Lyft has a three-tiered liability structure that is based on the driver’s activities at the time of the crash. When a driver causes a wreck while using Lyft Express Drive, Lyft looks at whether the driver is logged in or has a fare to determine which insurance company is responsible for injuries.

  • Not logged into the rideshare app: Hertz’s minimum liability policy applies and will cover $30,000 in liability coverage for a single injury or $60,000 for a multi-injury crash.
  • Logged in but waiting for a ride request or fare: Lyft’s contingent liability policy applies. This policy will pay up to $50,000 for a single injury or $100,000 for a multi-injury crash.
  • Driving a passenger or en route to a pickup: Lyft’s $1,000,000 liability policy covers the victims’ claims.

In addition, Hertz covers any damage that its vehicles sustain in a crash and also provides Texas’ mandated minimum amounts of UM/UIM coverage.

While this liability structure might seem fair at first glance, it has significant flaws. Insurance companies aren’t in the business of paying claims. Instead, they care more about profitability and shareholder happiness. After a crash, the claims adjuster always looks for reasons to deny victims’ claims or reduce their value.

When a crash involves multiple competing policies, it’s easy for all the insurance companies to try and shift responsibility to another party. Too often, the crash victim gets a slew of denied claims instead of fair compensation.

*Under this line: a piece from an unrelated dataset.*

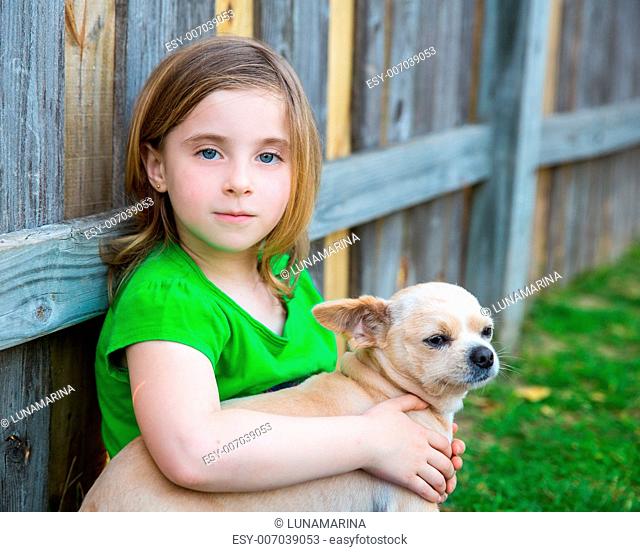 Blond happy girl with her chihuahua doggy portrait on backyard fence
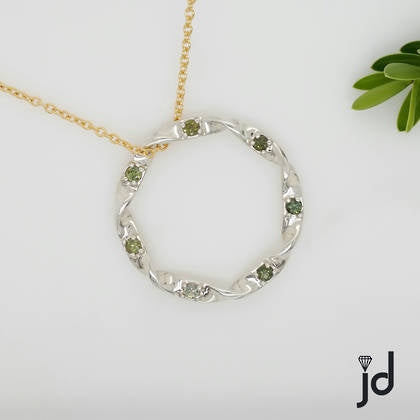 An extra large circle of twisted 9ct white gold creates an elegant pendant, set all the way around with 7 round green sapphires adding colour and texture. Suspended from a yellow gold cable chain.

RELATED ARTICLE: 5 Reasons the Insurance Company Denied Your Car Accident Claim

Additionally, serious injury claims can quickly exceed Hertz’s minimum policy limits or Lyft’s modest contingent liability policy, especially if the crash involved multiple vehicles.

At Crosley Law, we have extensive experience handling liability claims involving commercial drivers. We understand the complexities of these claims, and we work diligently to identify all the insurance policies involved in our clients’ cases. To learn more about our advanced approach to rideshare and commercial vehicle claims, contact us for more information.

Should I Take a Taxi Instead?

If the liability issues in a rideshare crash seem like something you’d rather not deal with, you might be tempted to hail a cab instead. Unfortunately, under Texas law, taxicabs only need to carry $30,000 in liability coverage for a single injury and $60,000 for multi-injury crashes. In comparison, a Lyft driver who is logged in to the app has between $50,000 and $1,000,000 in liability insurance coverage.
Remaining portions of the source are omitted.